DARDEN RESTAURANTS, INC.

2002 STOCK INCENTIVE PLAN

 

Section 1. Purpose

The purpose of the Plan is to promote the interests of the

Company and its shareholders by aiding the Company in attracting and retaining

employees, officers, consultants, advisors and non-employee Directors capable of

assuring the future success of the Company, to offer such persons incentives to

put forth maximum efforts for the success of the Company's business and to

compensate such persons through various stock-based arrangements and provide

them with opportunities for stock ownership in the Company, thereby aligning the

interests of such persons with the Company's shareholders.

Section 2. Definitions

As used in the Plan, the following terms shall have the meanings

set forth below:

(a) "Affiliate" shall mean (i) any entity that, directly or

indirectly through one or more intermediaries, is controlled by the Company and

(ii) any entity in which the Company has a significant equity interest, in each

case as determined by the Committee.

(b) "Award" shall mean any Option, Stock Appreciation Right,

Restricted Stock, Restricted Stock Unit, Dividend Equivalent, Stock Award or

Other Stock-Based Award granted under the Plan.
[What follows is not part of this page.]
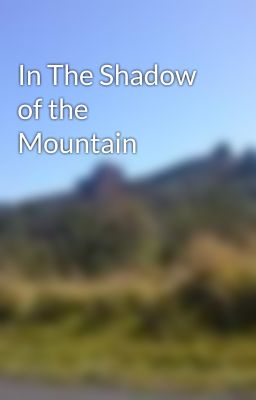 In The Shadow of the Mountain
(c) "Award Agreement" shall mean any written agreement, contract

or other instrument or document evidencing an Award granted under the Plan. Each

Award Agreement shall be subject to the applicable terms and conditions of the

Plan and any other terms and conditions (not inconsistent with the Plan)

determined by the Committee.

(d) "Board" shall mean the Board of Directors of the Company.
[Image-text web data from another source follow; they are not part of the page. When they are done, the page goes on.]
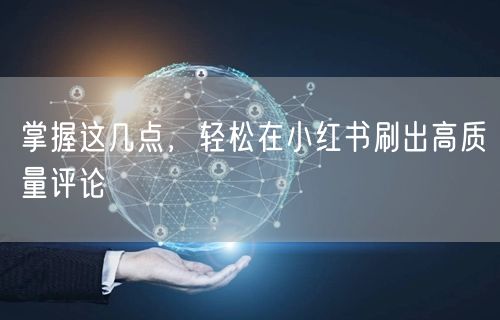 掌握这几点，轻松在小红书刷出高质量评论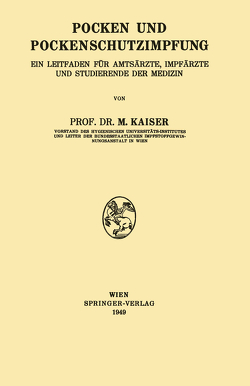 Pocken und Pockenschutzimpfung von Kaiser,  Marius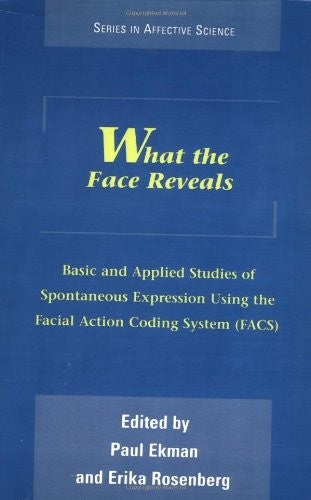 What the Face Reveals : Basic and Applied Studies of Spontaneous Expression Using the Facial Action Coding System (Facs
(e) "Code" shall mean the Internal Revenue Code of 1986, as

amended from time to time, and any regulations promulgated thereunder.
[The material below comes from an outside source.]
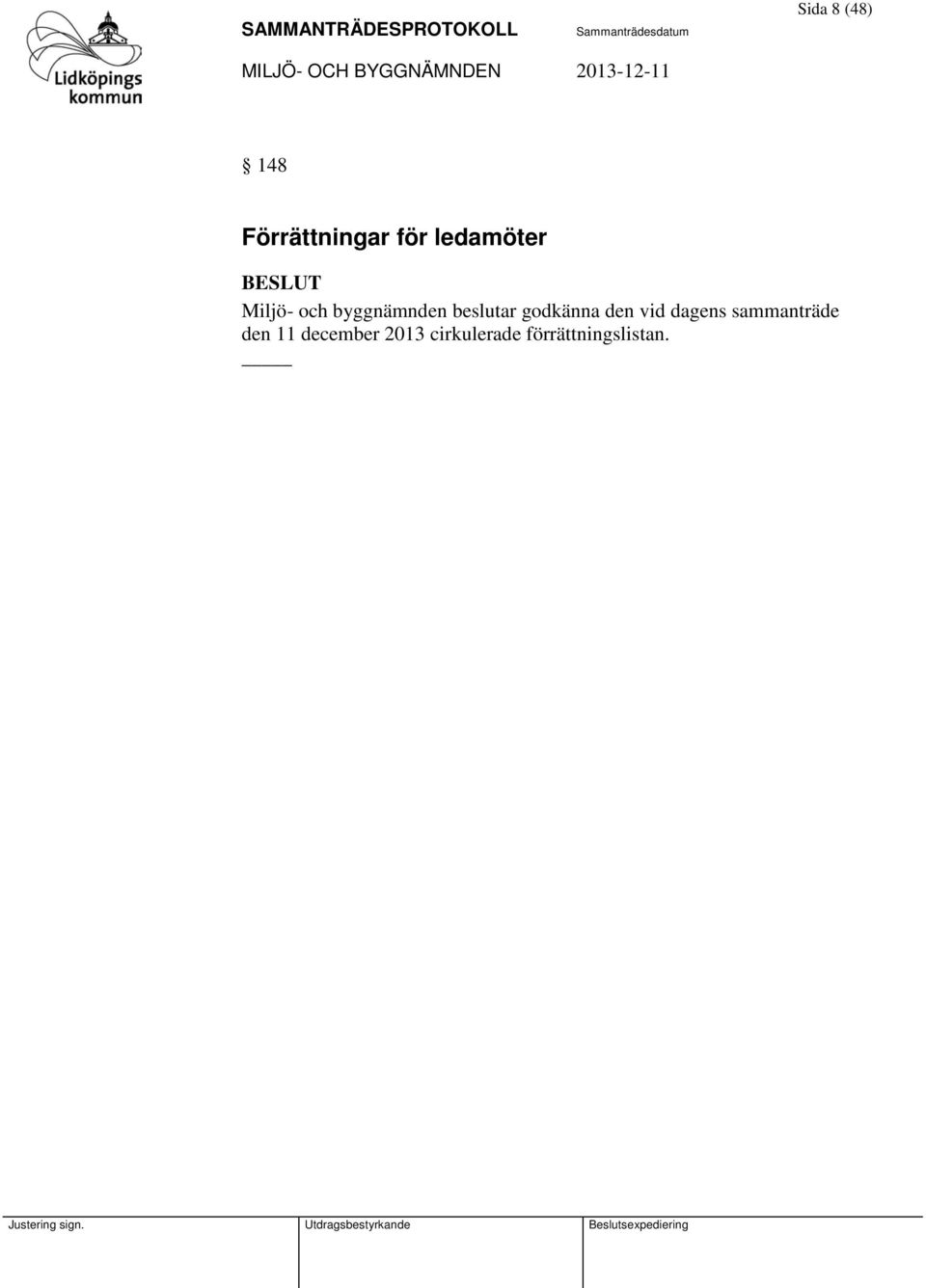 beslutar godkänna den vid dagens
(f) "Committee" shall mean the Compensation Committee of the

Board. The Committee shall be comprised of not less than such number of

Directors as shall be required to permit Awards granted under the Plan to

qualify under Rule 16b-3, and each member of the Committee shall be a

"Non-Employee Director" within the meaning of Rule 16b-3 and an "outside

director" within the meaning of Section 162(m) of the Code. The Company expects

to have the Plan administered in accordance with the requirements for the award

of "qualified performance-based compensation" within the meaning of Section

162(m) of the Code.

(g) "Company" shall mean Darden Restaurants, Inc., a Florida

corporation.

(h) "Director" shall mean a member of the Board.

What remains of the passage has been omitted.